"Mom," my son reported, "I have to bring Chinese doughnuts and soy milk to Mandarin class on Tuesday."
"Oh -- okay. I know what Chinese doughnuts are, I think, but what kind of soy milk is it? Just the regular kind I can get at the grocery store?"
"Uhhhhm, I don't know."
"I'll send the teacher an email," I say, letting him off the hook.
"Okay. Thanks, Mom."
My son is at a distinct disadvantage in Mandarin class, all because his mother is ... Japanese. Most of the kids whose parents aren't immigrants at least have a mother of Chinese ancestry. Except for my son. I think it is a source of amusement for the teacher, since my son has a Chinese surname, and she seems to appreciate my effort to get the food assignments right. She is always careful to try to give us food assignments that we can handle, and explains things to my son as much as possible. This time, I was familiar with half the assignment -- the Chinese doughnuts, which I learned to enjoy because of my love of jook, that savory, soupy, comforting concoction that my roommate, Alice Wong, introduced me to the day after Thanksgiving back in college. Turkey jook. That's what turkey leftovers become in a Chinese American household. And Chinese doughnuts are the perfect partner to a bowl of jook.

Okay, who am I kidding? I knew I would need to go straight to the email when I went shopping for this.

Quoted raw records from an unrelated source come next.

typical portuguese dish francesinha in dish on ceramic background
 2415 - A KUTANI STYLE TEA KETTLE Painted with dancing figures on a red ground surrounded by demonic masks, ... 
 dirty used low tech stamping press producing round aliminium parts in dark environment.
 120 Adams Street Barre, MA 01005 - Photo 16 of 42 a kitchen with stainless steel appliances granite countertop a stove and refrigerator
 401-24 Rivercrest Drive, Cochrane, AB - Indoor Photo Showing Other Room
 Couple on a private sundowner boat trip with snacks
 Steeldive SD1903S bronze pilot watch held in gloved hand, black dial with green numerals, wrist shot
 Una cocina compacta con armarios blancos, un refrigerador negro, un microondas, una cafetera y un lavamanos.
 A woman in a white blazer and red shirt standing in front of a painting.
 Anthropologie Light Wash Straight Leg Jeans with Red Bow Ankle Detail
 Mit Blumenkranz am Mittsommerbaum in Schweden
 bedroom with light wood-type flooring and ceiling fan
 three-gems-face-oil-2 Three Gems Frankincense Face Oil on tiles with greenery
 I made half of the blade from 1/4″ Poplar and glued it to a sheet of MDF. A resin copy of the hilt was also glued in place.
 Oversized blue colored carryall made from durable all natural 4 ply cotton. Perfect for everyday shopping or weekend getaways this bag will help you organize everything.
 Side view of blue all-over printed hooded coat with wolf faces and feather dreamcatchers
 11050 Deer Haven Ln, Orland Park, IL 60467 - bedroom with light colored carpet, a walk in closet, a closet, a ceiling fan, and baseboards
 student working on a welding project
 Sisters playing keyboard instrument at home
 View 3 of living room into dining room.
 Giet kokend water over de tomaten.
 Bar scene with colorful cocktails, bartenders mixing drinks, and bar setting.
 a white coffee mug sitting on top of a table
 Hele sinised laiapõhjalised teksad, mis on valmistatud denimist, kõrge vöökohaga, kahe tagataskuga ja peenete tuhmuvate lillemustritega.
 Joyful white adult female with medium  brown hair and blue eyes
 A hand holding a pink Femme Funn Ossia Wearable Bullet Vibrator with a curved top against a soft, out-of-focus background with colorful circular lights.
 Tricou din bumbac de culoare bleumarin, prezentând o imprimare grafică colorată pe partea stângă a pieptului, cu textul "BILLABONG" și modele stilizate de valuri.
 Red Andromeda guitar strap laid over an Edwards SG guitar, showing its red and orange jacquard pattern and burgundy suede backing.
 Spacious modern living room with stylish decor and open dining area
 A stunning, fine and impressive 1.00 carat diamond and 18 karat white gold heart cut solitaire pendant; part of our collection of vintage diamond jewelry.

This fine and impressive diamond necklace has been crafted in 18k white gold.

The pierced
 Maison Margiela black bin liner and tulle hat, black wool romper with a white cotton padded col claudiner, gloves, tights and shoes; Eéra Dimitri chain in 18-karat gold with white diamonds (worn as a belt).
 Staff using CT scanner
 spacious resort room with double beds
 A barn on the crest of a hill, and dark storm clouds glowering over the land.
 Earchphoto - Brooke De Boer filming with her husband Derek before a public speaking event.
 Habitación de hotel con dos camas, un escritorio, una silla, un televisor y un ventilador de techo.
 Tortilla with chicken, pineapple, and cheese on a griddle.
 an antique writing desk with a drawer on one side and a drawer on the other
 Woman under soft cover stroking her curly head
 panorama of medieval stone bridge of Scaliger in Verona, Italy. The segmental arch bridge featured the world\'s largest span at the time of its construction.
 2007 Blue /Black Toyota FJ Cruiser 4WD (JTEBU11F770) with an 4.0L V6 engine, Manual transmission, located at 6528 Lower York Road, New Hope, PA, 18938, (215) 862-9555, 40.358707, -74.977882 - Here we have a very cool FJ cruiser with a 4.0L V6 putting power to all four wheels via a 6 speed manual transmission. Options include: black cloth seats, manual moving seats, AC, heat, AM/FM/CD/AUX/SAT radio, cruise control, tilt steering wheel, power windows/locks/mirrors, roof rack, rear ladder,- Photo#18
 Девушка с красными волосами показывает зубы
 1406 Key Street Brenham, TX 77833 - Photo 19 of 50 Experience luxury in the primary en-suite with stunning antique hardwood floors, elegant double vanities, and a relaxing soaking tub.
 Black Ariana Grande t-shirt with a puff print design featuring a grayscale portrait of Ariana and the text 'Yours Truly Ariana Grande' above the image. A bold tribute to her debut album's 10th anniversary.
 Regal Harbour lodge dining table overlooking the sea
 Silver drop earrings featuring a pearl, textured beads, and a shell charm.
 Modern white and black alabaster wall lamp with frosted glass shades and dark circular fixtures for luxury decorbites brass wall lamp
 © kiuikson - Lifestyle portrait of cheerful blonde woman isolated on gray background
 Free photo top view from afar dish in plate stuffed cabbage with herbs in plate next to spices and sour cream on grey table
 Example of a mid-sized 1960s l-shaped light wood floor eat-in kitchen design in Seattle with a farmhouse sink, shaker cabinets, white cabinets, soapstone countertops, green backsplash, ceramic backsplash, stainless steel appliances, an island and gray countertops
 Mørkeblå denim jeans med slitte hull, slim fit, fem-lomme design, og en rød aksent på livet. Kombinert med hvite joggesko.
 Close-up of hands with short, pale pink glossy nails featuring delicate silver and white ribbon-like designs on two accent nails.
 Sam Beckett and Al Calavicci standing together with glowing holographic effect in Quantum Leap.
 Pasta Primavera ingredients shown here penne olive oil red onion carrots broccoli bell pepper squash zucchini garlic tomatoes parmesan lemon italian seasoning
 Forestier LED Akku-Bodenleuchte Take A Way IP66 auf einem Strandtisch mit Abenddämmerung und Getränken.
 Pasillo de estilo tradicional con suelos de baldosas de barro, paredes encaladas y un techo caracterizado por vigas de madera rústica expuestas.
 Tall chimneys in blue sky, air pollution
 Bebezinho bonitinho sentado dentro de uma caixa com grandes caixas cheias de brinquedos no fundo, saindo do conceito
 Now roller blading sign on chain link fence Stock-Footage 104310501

I walked into the market in Chinatown this morning, holding my phone up tentatively and asking, "Excuse me ... do you have soy milk? Dou Jiang?" I say, in my best invented Mandarin pronunciation. I point at my phone to the characters: 豆浆. The clerk nods her understanding. "Ohhh ... yes, dou jiang. I'm sorry but the delivery is not here yet from San Francisco. They make it fresh everyday. I'm sorry. You can come back later."
I have to explain that I cannot come back later, because I need it by 9:30 am for my son's Mandarin class. Plus, I need Chinese doughnuts, which they will dip into the soy milk. Does she have the kind of soy milk I would dip a Chinese doughnut into?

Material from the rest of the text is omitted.